In a falling apple, Sir Isaac Newton found the solution he was looking for. Getting new ideas is much like coming up with solutions to problems. The ability to find a unique and original solution to a problem is what sets humans apart. Ever since we learnt to control fire, our progress has depended on creative problem solving.
One might think that for the ‘gifted’ few, ideas just fall into their laps. However, every creative person follows a process, consciously or subconsciously, to come up with unique and original ideas, which in some sense are simply creative solutions to existing problems. I want to argue that anyone can be creative; they just have to find their own process.
Here’s a process that works for me.
How to Get Great Ideas
Be very specific. To find a solution, you need to be clear about the problem.
Shape the “problem” in the form of a ‘key question’ and write it down. Open-ended questions don’t work. Read the key question every chance you get. Remind yourself over and over again about the “problem.”
If you don’t know what you are looking for, a falling apple will be just that and nothing more.
EXAMIN THE DOMAIN
Your chance of coming up with a breakthrough idea increases when you study, in great detail, the ‘domain’ that you are working under. This is fairly straightforward. If you are looking for a story idea, familiarize yourself with the best stories of all times. If you want to come up with a killer app, look up apps that people have liked and try to figure out what is it about them that works.
Immerse yourself in the field.
The next step to come up with great ideas is to play with your thoughts. So get an idea journal and begin playing. At this stage don’t be too judgmental of the ideas you come up with. You may rate them but record every idea that comes to you. Don’t Judge; you can save that for later. Keep your “problem” or key question in mind and just go for quantity.
Some of the following games may not relate directly to the type of ideas that you are trying to come up with and some may work better than others but just playing them will exercise the creative part of your brain.
The What If Game: Best way to start playing around to look for great ideas is to simply ask ‘what if…?’ and jot down the answers that come to your mind.
Mind the Map Game: Use mind-mapping software or draw a mind map on paper. Write a question in the middle. Follow it up with writing three possible answers that pop up in association to the first word. Think of this as a one person brainstorming session. Take a look at the map and see how it relates to your question.
Association the Word Game: Write a word and follow it up with other words that pop up in association with the first word. Continue this process. You can also write words that rhyme with the previous words.
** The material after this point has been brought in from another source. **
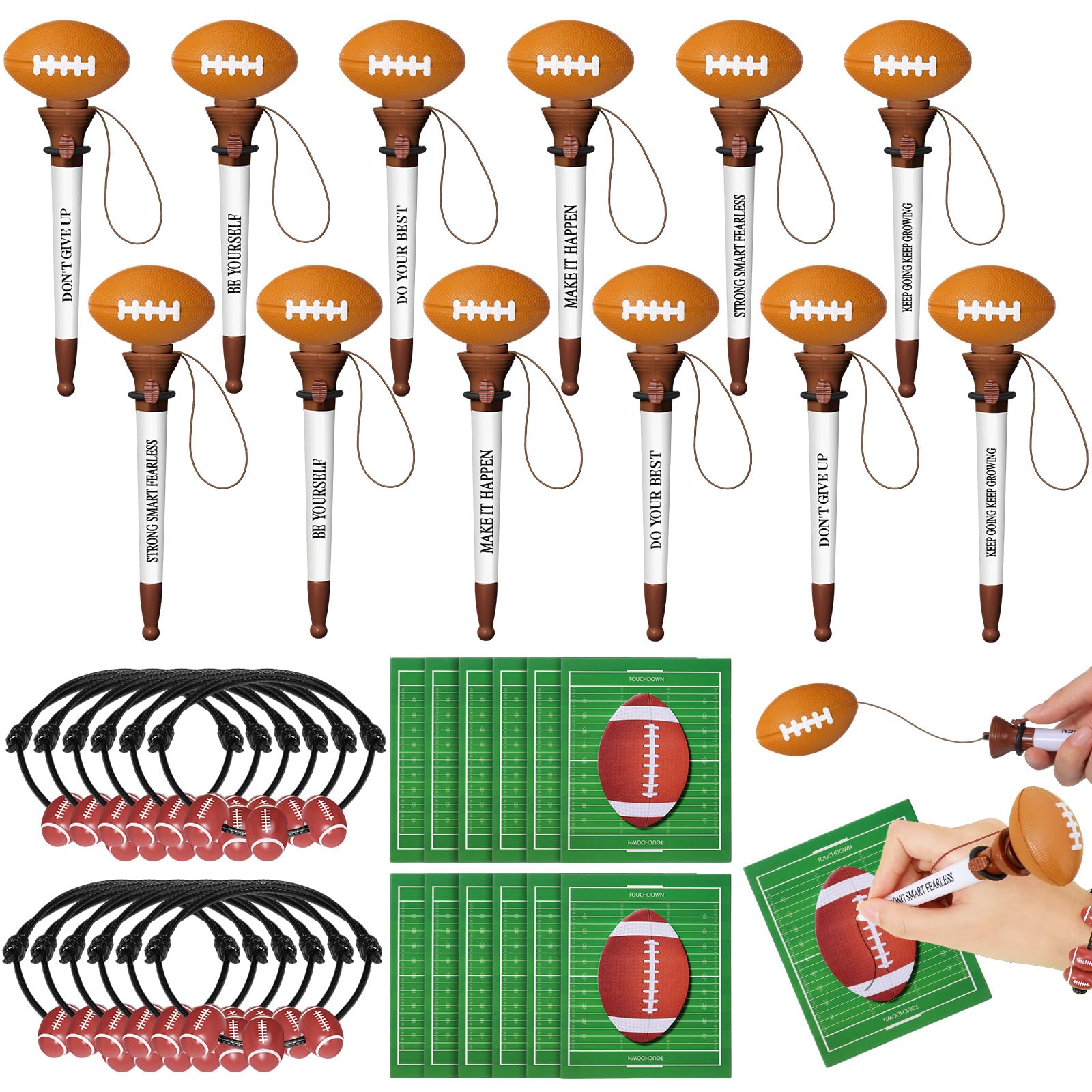 Humyoun 36 Pcs Football Party Favors Set Funny Sport Inspirational Team Gifts Set 12 Ballpoint Pens 12 Adjustable Bracelets 12 Sticky Notes for Sports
Take a look at the list of words and see if they offer any solutions to your key question.
The Mash it Up Game: In this game, take two random things and try to come up with an entirely new thing, which has features of both. This is a great exercise to work out your creative muscle.
Storm the Brain Game: Bounce your ideas with others. This is a very powerful game. Another individual brings to the table a whole new perspective, a new set of unique life experiences, and a different set of knowledge that can shine a spotlight on your mind’s blind spots and offer solutions that you might have never even considered.
The Minus One Game: Change only one aspect of any thing, object, person or idea to come up with a new thing, object, person or idea. By doing so, you might just come up with a whole new idea.
Go for a walk. Watch a movie. Play tennis. In short, do anything but think of your ‘problem’ or key question. This is the incubate phase of the process. If you are to get an a-ha! moment, it will most likely sneak up to you during this period. But if you don’t, don’t worry. This doesn’t always happen.
Go through the list of solutions that you have come up with and start rating them. This is the time to be rational and critical. Discard ideas that may not be practical and don’t be attached to any idea. Hopefully by now you have an idea or solution to your problem. At the very least, you will have a working solution that can be improved upon by going through the process again.